*Work task*:
With the pictures left out, write out exactly the lines of the listing below that run from the line with "Miniatura 9 de" through the line with "Versace Medusa Baroque".

*Records provided*:
━━━━━━━━━━

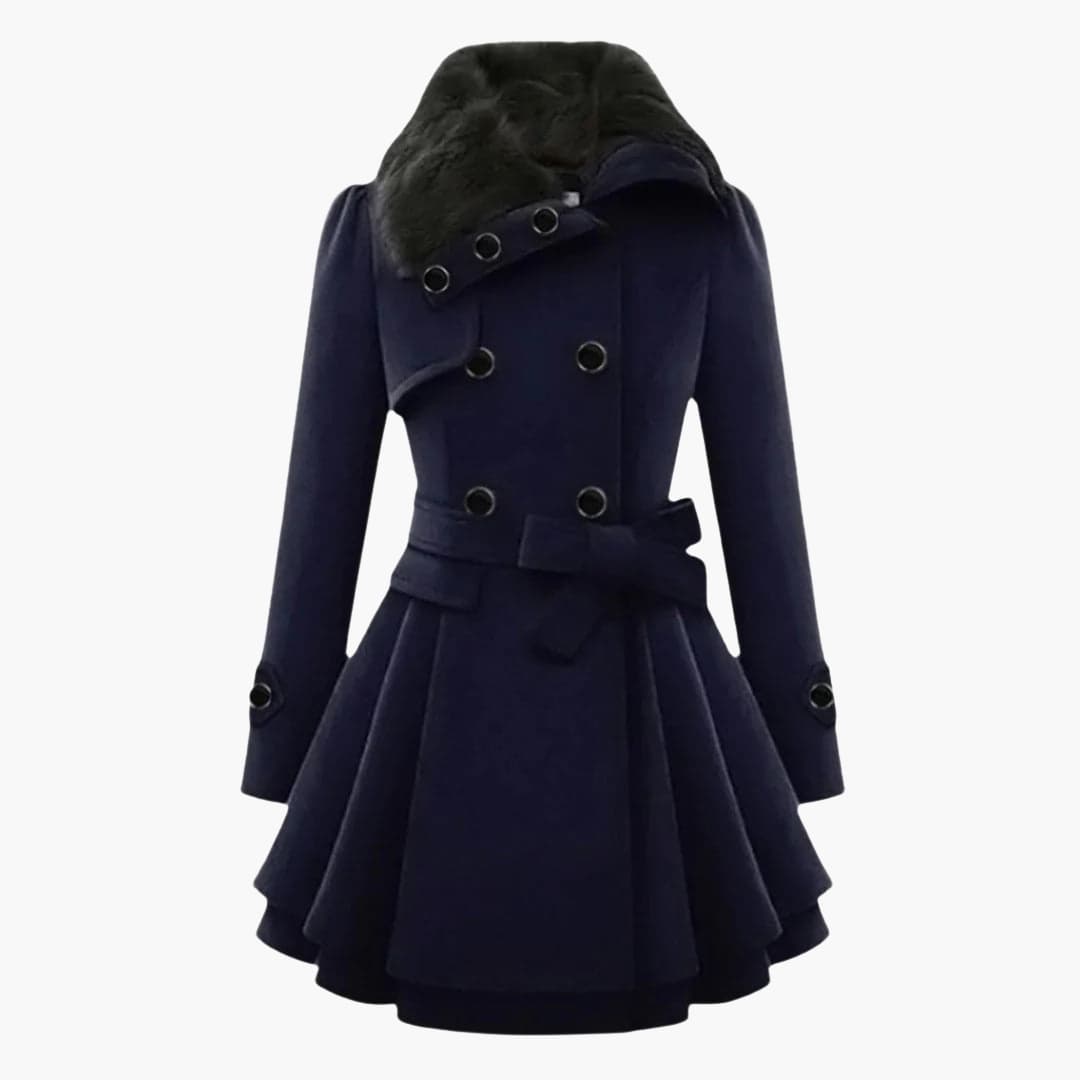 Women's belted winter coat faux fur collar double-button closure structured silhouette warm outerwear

━━━━━━━━━━

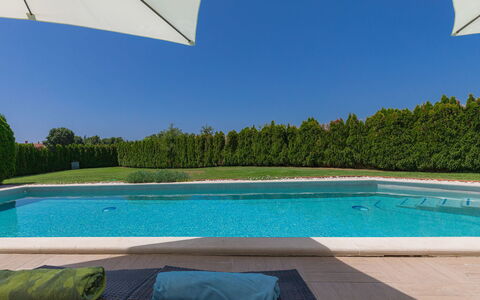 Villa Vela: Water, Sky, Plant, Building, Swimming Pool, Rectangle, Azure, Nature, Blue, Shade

━━━━━━━━━━

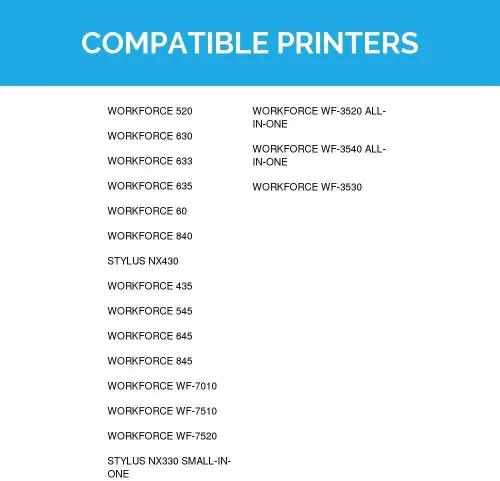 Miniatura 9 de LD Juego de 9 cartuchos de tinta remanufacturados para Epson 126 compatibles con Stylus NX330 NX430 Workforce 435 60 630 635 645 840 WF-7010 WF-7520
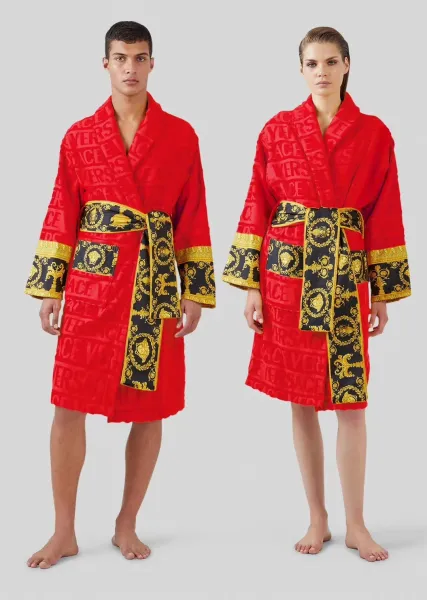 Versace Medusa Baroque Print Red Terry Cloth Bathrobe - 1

━━━━━━━━━━

*Expected answer*:
 Miniatura 9 de LD Juego de 9 cartuchos de tinta remanufacturados para Epson 126 compatibles con Stylus NX330 NX430 Workforce 435 60 630 635 645 840 WF-7010 WF-7520
 Versace Medusa Baroque Print Red Terry Cloth Bathrobe - 1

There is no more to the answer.